1 Tesalonicenses 5

1En cuanto al tiempo y a las circunstancias, no tienen, hermanos, necesidad de que les escriba. 2Saben muy bien que el día del Señor vendrá como un ladrón en plena noche. 3Cuando la gente crea estar segura y en paz, entonces, la ruina caerá de repente sobre ellos, igual que los dolores de parto sobre la mujer embarazada, y no podrán escapar. 4Pero ustedes, hermanos, no viven en la oscuridad. Por tanto, el día del Señor no debe sorprenderlos como si fuera un ladrón. 5Todos ustedes son hijos de la luz, hijos del día; no somos de la noche ni de la oscuridad. 6Por tanto no nos quedemos dormidos como hacen los demás, sino que estemos atentos y vivamos sobriamente. 7Los que duermen, de noche duermen; los que se emborrachan, de noche se emborrachan. 8Pero nosotros, que somos del día, debemos vivir con sobriedad, cubiertos con la coraza de la fe y del amor, y con la esperanza de la salvación como casco protector. 9Porque no nos ha destinado Dios al castigo, sino a lograr la salvación por medio de nuestro Señor Jesucristo, 10que murió por nosotros a fin de que, tanto despiertos como dormidos, vivamos unidos a él. 11Por tanto, anímense mutuamente y contribuyan al bien de unos para con otros como ya lo están haciendo. 12Les rogamos, hermanos, que aprecien a quienes trabajan entre ustedes y los dirigen y corrigen en el nombre del Señor. 13Correspondan a sus trabajos con amor siempre creciente.
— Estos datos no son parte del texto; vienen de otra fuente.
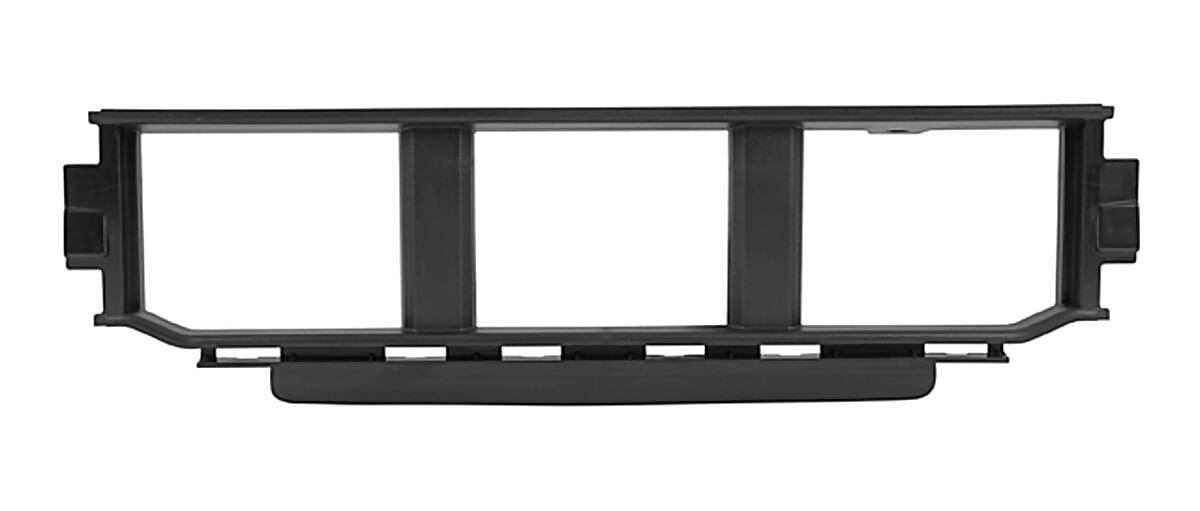 Moldura Para Rejilla Delantera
Y vivan en paz unos con otros. 14También les rogamos, hermanos, que corrijan a los indisciplinados, que alienten a los acomplejados, que sostengan a los débiles, que tengan paciencia con todos. 15Estén atentos que ninguno devuelva mal por mal; al contrario, esfuércense por hacer siempre el bien unos a otros y a todos. 16Estén siempre alegres. 17Oren en todo momento. 18Den gracias por todo, pues ésta es la voluntad de Dios con respecto a ustedes como cristianos. 19No apaguen la fuerza del Espíritu; 20no menosprecien los dones proféticos. 21Examínenlo todo y quédense con lo bueno. 22Apártense de todo tipo de mal. 23Que el Dios de la paz les ayude a vivir como corresponde a auténticos creyentes; que todo su ser –espíritu, alma y cuerpo– se conserve sin falta alguna para la venida de nuestro Señor Jesucristo. 24El que los llama es fiel y cumplirá su palabra. 25Hermanos, oren también por nosotros. 26Saluden a todos los hermanos con el beso santo. 27Les suplico por el Señor que esta carta sea leída a todos los hermanos. 28La gracia de nuestro Señor Jesucristo esté con ustedes.